E20 for Sunday roast in a Paris salon
There’s a place in Paris that’s been causing a stir for 40 years. Dinner is served every Sunday, reservations are required, it attracts an international crowd as well as locals, is standing room only, and it’s not the food people come for.
On Sunday nights this is one of the most popular places to eat in Paris. “Tonight it’s just lasagne and salad and tiramisu. You can get that at any good restaurant in Paris,” our host tells us.
But this isn’t a restaurant. It’s the home of Jim Haynes…a boy from the Bayou, Jim was born in Louisiana, raised in Venezuela, and has lived in Paris for the last 40 years, hosting weekly dinners since he arrived.
Jim explains how it all began, “They started in a totally accidental fashion. A woman arrived in Paris, a dancer from LA. She didn’t know anyone. She sat in a restaurant next to a friend of mine…she said her hobby was cooking and the rest is hysteria.”
And, Jim says not much has changed, except the size of the guest list: “I think there were 25 at the first dinner but it went up very quickly. I think it was as high as 130, but for everybody’s sake I try to keep the numbers down. We’re about 70 tonight, which is really too many for the winter but then people pop in and say, ‘my cousin just arrived from Buenos Aires’ and what can you say? You welcome them.”
Every Sunday night Jim welcomes both locals and tourists with a different guest chef each week. People book online and are asked to contribute 25 euros. In the summertime, and on a recent mild autumn night, guests spilled out into the garden. His flat isn’t large, or even grand. And the food? You don’t come for the cuisine. You come for the company.
"When you’re cooking for 75 people, fine wines and fine cuisine goes out the window. You just do the best you can and it’s mainly the people and out of it comes hundreds of marriages and love affairs and babies and that’s the point. I’m not that interested in food and wine. I’m more interested in people. I want people to have a good time."
And they do. Yoko Ono, Allen Ginsburg, Germaine Greer and Chloe Sevigny are also among Jim’s staggering number of guests. Some call him the city’s unofficial mayor. Over the years over 130,000 people have come to his Sunday dinners.
I ask if there’s any downside. “I guess the cleaning up, but I have someone who comes in every Monday morning and by one o’clock, suddenly it’s like there was never any party at all.”
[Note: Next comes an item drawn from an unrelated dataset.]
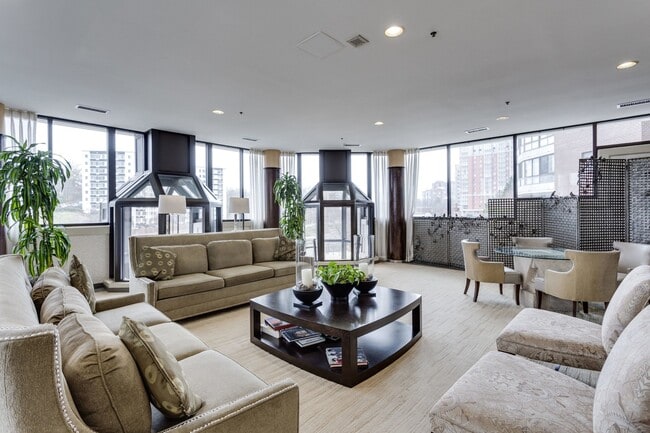 Building Photo - 1600 N Oak St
Jim Haynes’ dinners aren’t just for out-of-towners. He’s got a huge local following. Pierre has been coming for 25 years. I ask him if Jim’s dinners can be considered part of the Parisienne salon culture. “No, it’s very different. The French soirees are more cosmopolitan, but also with more protocols, and the food is better. And closed, very closed.”
Which do you prefer, I ask, Il est tres diplomatique. “Both. I like different culture,” Pierre says.
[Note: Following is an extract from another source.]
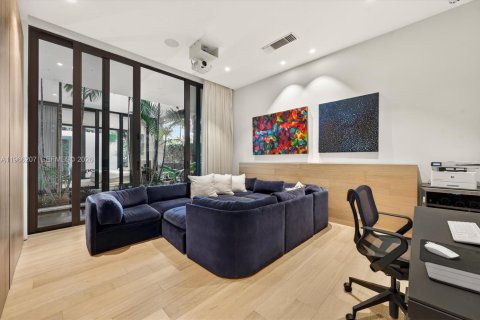 Villa ou maison à vendre à Miami Beach, Floride: 6 chambres, 496.38 m2 № 2029415 - photo 28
Dispensing with protocol is exactly the way Jim wants his dinners, and it could help explain why they’re so popular.
I ask Jim about the current state of the salon culture in Paris. “The salon classic culture was very aristocratic and very undemocratic and very limited to 15-20 people maximum. One of the most famous, of course, was Gertrude Stein’s. You were terribly privileged to be invited. I take whoever comes, literally the first person who calls, and so we get the world.”
On this evening, it includes Marcus from Hamburg. “We know it from the internet and it was a little bit of adventure. You can meet many people if you’re not too shy, like me, but it’s fantastic I think.”
But even the shy ones have a chance. In case it wasn’t obvious, Jim loves people, and knows how to work a room. He says, “I love the fact that people come who don’t know each other, that many people come who are totally terrified and leave very happy and ask if they can come again. I like it when people enjoy themselves and if they meet someone else who they later see as a friend or lover, that’s nice, too.”
Sometimes they wind up more than friends and lovers. Jim’s had a few success stories. “My classic story is a French woman sitting on the couch, shy, alone and didn’t know anybody and I introduced her to a guy who was also shy and alone and now they’re married, they have three kids, they’re not shy anymore and they speak three languages. So I say these dinners manufacture Europeans.”
Jim’s left a few legacies in his time. I only have time to ask him one more question. What would you like it to say on your tombstone? "He came, he saw, he entertained.”